Cf thread on the Jupyter Mailing list.

It would be a good idea to review:

• Who has commit rights & where
• If they have rights on sensible area try to push for them to enable 2FA.
• Investigate the possibility at making 2FA mandatory through GitHub options.

At the same time, we could likely see if we can clean-up who is in what team, and if developers are still active.

Once this is done, we can also review who has access to non-github resources at the same time:

• readthedocs,
• PyPI
• youtube...

And try to uniformise that; as well as investigate securing the releases processes.

We can see 2FA status from an organization level. You can also filter out those that do not have 2FA enabled. https://help.github.com/articles/ensuring-that-organization-members-have-enabled-two-factor-authentication/

Yes, thanks @willingc ! Though I'm not sure everyone can see this page, or at least it won't appear in the same way depending on your status of the organisation.

For the Jupyter organisation the following page list all members of the organisation:

https://github.com/orgs/jupyter/people 

I can see the 2FA status, but not if I'm not logged in. I suppose it is a security measure to avoid attacker to find vulnerable people. I think you can also "hide" your belonging to an organisation, in which case only Owners I think can see you.

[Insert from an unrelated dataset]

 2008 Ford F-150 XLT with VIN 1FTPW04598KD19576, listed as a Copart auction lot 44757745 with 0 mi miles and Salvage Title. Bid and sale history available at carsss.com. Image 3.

Still I cannot easily distinguish people that are part of the organisation without commit rights, and those who have without drilling through teams/repositories.

Hope you're getting some rest post-japan !

From last week's GitHub announcements, you can enable 2FA for an organization and the warning box explains what happens to a member until they activate 2FA: https://help.github.com/articles/requiring-two-factor-authentication-in-your-organization/

I think this has been done, but just moving it for posterity to jupyter/security for that group to decide if this should be deemed closeable or not.